Schäden in sensiblen Bereichen (dazu zählen "Materialwechsel" aller Art) sind häufig, wenn diese überwachsen werden. Das sicherste Mittel zur Vermeidung von Schäden im Übergang zum Dach ist eine Fasdsadenbepflanzung, die diesen Bereich des Bauwerkes sicher nicht erreicht (Wuchshöhe).
Nun wirst du zu Recht einwenden, dass Efeu für einen verputzten Altbau von 1903 ja auch ungeeignet sei. Nun, der nachbarliche Fassadenbewuchs, eine Clematis montana, fachmännisch durch gespannte Edelstahlseile an Abstandshaltern in die Vertikale geleitet bedrängt uns nun ebenfalls und führt, ähnlich wie beim Efeu, zu einer Verdeckung unserer Fassade und damit einer Unkontrollierbarkeit von Verputzschäden.

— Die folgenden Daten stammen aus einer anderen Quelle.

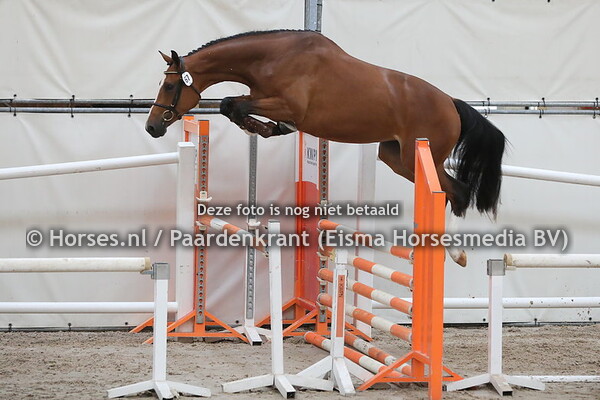 67 Lybaloma (Casallo x Rebecca v. Calvados)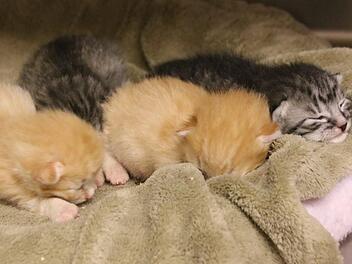 Katzenjunge bei Bendorf ausgesetzt: Besitzer hat gegen Tierschutzgesetz verstoßen. (Symbolbild)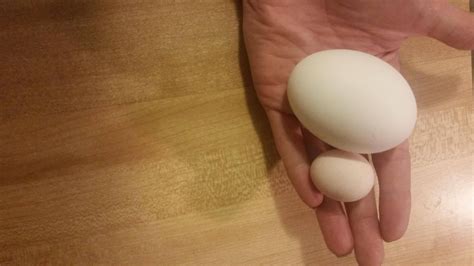 Chickens first egg. Regular egg for size comparison. : mildlyinteresting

Ich persönlich halte überhaupt nichts von rankenden Pflanzen an Seilen, solange diese unidirektional vertikal angeordnet sind. Augfrund der geringen Haltbarkeit und Länge vieler Ranken lässt sich auf dieser Grundlage nur mit regelmäßiger Pflege ein höherer Fassadenbewuchs aufbauen und übersichtlich halten (kontrollieren). "Fachmännisch" ist in D leider schwierig - die Kunden sind viel zu anspruchslos. Viele stören sich auch nicht an einem Ergebnis, das ich weitestgehend als "schäbiges Totholzgewirr" ansehe. Derartiges hat im Urwald seine Berechtigung - an Fassaden m.E. nicht!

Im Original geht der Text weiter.